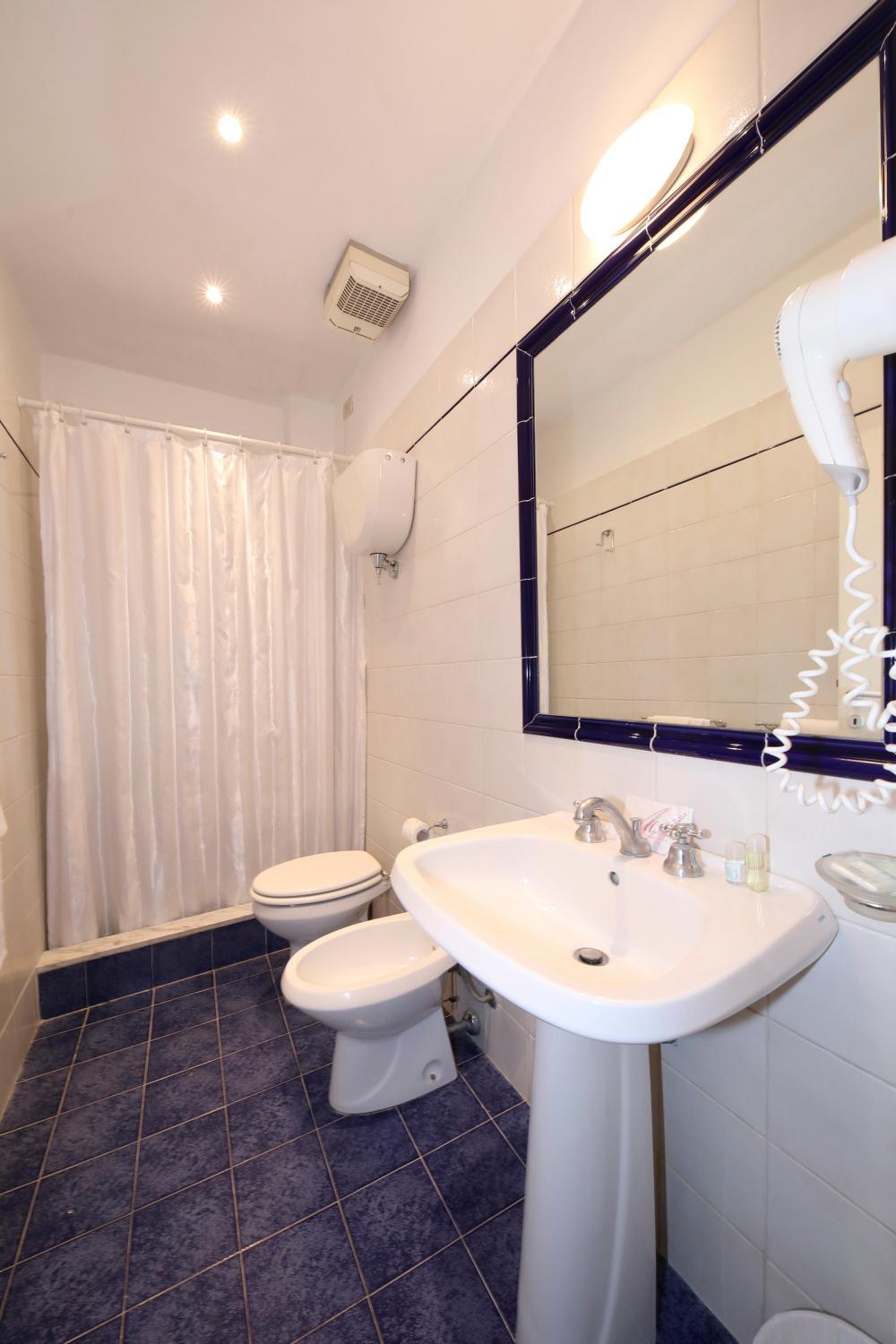 Double or Twin Room - Photo 11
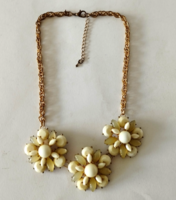 Decorative fashion jewelry necklaces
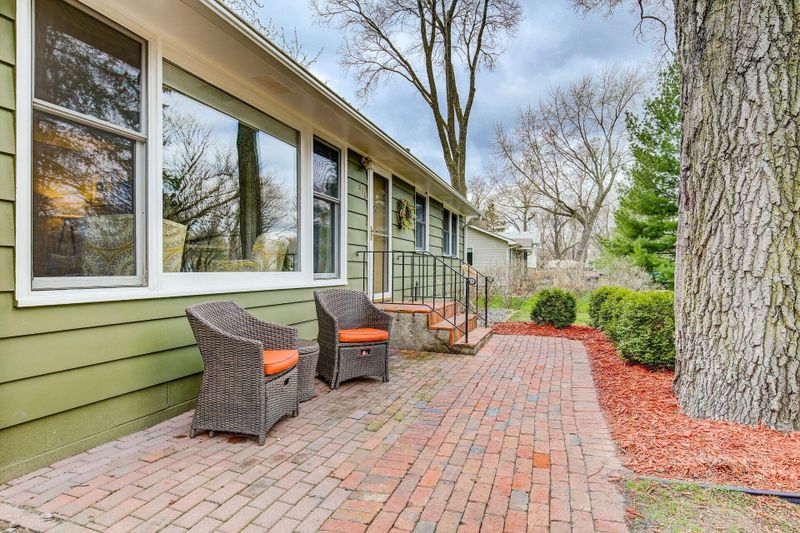 956 Robinhood Pl, Shoreview, MN 55126
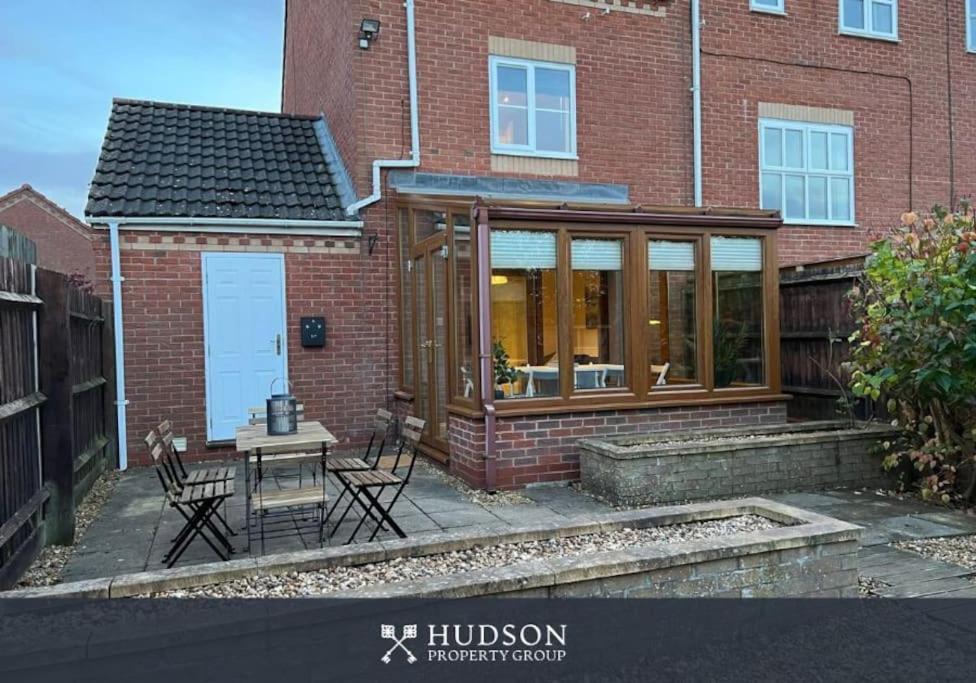 Telford Townhouse With Parking And Garden Villa Exterior photo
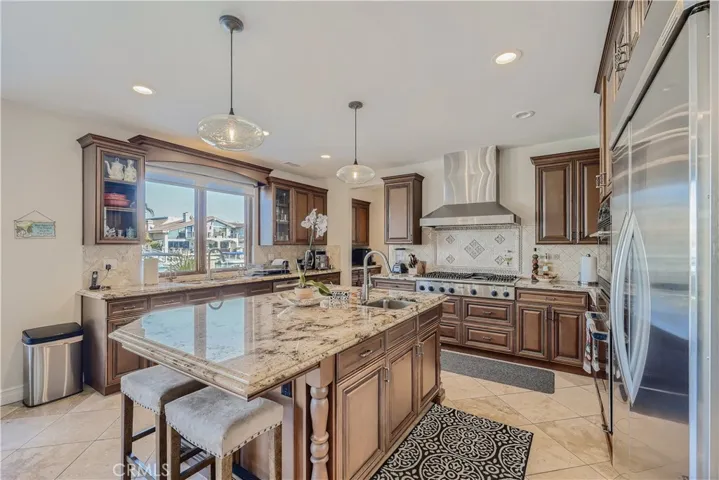 16362 Maruffa Circle, Huntington Beach, California 92649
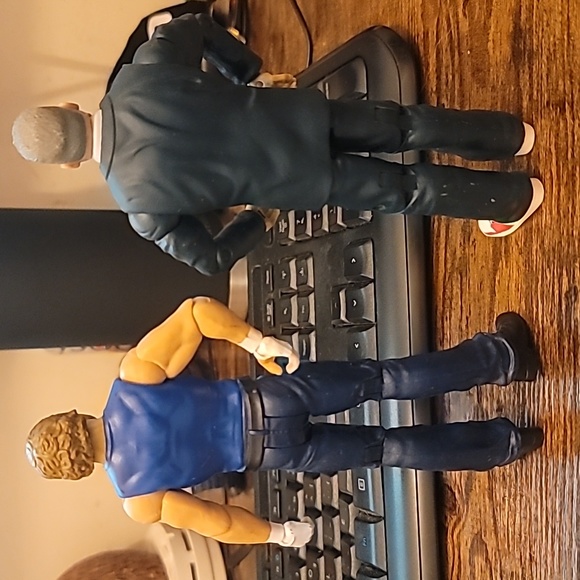 WWE Series 46 Dean Ambrose & Shane Mcmahon Action Figure Battle Pack - Picture 3 of 3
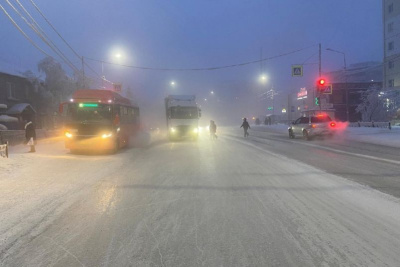 В Якутске на пешеходном переходе сбили девушку / ЯСИА Якутск Якутск Республика Саха (Якутия)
_____
> [Task to complete] Please transcribe the listing exactly as it stands, but omit its pictures.

> [Exercise answer]
 Double or Twin Room - Photo 11
 Decorative fashion jewelry necklaces
 956 Robinhood Pl, Shoreview, MN 55126
 Telford Townhouse With Parking And Garden Villa Exterior photo
 16362 Maruffa Circle, Huntington Beach, California 92649
 WWE Series 46 Dean Ambrose & Shane Mcmahon Action Figure Battle Pack - Picture 3 of 3
 В Якутске на пешеходном переходе сбили девушку / ЯСИА Якутск Якутск Республика Саха (Якутия)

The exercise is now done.